With most of it I made another hallway mat. Inspired by the recent Scrap Buster Month at Sew Mama Sew, I quickly, and not too carefully, appliquéd a selection of pink and red scraps onto the linen, and then lined and backed it with flannel to make it stick to the carpet. I like the cheerful reds and pinks, and the easy going, not-too-neat, nature of the mat. Although I'm now thinking I should probably have given it a quick iron after I washed it. Certainly before I photographed it.

Then with two small pieces of the leftover linen, I made a drinks mat for my Mum. She has had her operation, and is walking again, but still in hospital. The recovery for hip replacements is long, and I am sure she will be drinking many cups of tea as she does plenty of knitting and takes things easy for the next couple of months.

This time I wanted a crisper, less rumpled look to the mat so I used bondaweb to fuse the appliqué onto the linen, and also the label onto the mug, before zigzagging around the edges. I like the way bondaweb appliqué ends up looking so well finished and just a little bit stiff. Which is exactly what you want for things like this.
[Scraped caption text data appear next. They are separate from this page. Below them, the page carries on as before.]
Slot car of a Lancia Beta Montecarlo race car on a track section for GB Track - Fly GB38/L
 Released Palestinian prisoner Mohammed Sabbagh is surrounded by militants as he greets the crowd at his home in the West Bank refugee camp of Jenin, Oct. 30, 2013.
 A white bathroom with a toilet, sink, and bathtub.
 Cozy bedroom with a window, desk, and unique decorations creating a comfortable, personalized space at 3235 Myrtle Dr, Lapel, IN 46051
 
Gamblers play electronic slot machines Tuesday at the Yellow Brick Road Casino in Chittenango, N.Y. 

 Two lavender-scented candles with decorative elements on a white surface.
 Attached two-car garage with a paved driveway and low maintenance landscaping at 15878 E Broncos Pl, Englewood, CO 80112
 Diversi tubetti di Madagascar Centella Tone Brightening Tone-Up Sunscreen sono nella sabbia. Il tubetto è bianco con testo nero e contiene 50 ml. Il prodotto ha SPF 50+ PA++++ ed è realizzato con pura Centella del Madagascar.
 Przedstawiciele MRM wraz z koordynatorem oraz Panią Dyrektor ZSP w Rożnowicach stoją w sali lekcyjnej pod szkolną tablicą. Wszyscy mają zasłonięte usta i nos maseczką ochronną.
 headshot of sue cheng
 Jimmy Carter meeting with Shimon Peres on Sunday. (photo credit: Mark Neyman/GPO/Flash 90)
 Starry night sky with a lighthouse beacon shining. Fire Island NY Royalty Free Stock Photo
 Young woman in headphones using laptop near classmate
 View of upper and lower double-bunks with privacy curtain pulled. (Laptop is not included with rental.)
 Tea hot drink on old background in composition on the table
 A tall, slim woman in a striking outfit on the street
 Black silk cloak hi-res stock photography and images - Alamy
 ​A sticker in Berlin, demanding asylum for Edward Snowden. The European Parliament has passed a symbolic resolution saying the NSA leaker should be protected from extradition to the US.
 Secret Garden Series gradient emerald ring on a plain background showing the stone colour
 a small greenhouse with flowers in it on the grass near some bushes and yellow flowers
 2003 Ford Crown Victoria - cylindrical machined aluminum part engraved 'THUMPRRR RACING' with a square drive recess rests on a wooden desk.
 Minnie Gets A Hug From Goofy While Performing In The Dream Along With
I put leftover quilt batting in the middle and another piece of linen on the back. I made some bias tape to finish around the edge and did some outlining of the mug in running stitch. I'm still massively into embroidery and will embroider anything if it sits still for long enough.

The mat will be delivered in person tomorrow, when I go up to Oxford for the day to see how Mum and Dad are getting along. Rumour has it the hospital may even let her come home tomorrow. In which case, I shall make her a well deserved cup of tea.

Sunday, 1 November 2009

That was half term

So that was half term. For a whole week we planned to be as lazy as possible, and do as little as possible. But now I am at the end of it, I see that we managed to fit an awful lot in.
  • A trip to the new, local ice-cream parlour. They had bubble gum flavour ice cream which the children thought was amazing. G and I were boring grown ups and stuck to raspberry ripple and cappuccino flavours.
  • A sunny couple of hours at the local city farm.
  • A very exciting visit to Oxford to see my brother and his family, and meet the new cousin. I was very greedy and cuddled the baby for more than my fair share I think.
  • A trip to the shops to spend birthday money.
  • Plenty of good food and lazy meals.
  • A trip to Kew Gardens with friends on the mildest, sunniest October day I can remember.
And tomorrow the children go back to school and my attention will turn back to sewing. I have a list of things to sew that is raging out of control. I'm going to come back at the end of this week and show you what I've been making.

The sewing will be a good distraction for me from my mother's adventures this coming week. I made her a 'no more sticks' badge to wear after her operation. She is wearing it already, which I think is an excellent illustration of her determination to get rid of the sticks at the soonest opportunity. Go Lady Hip!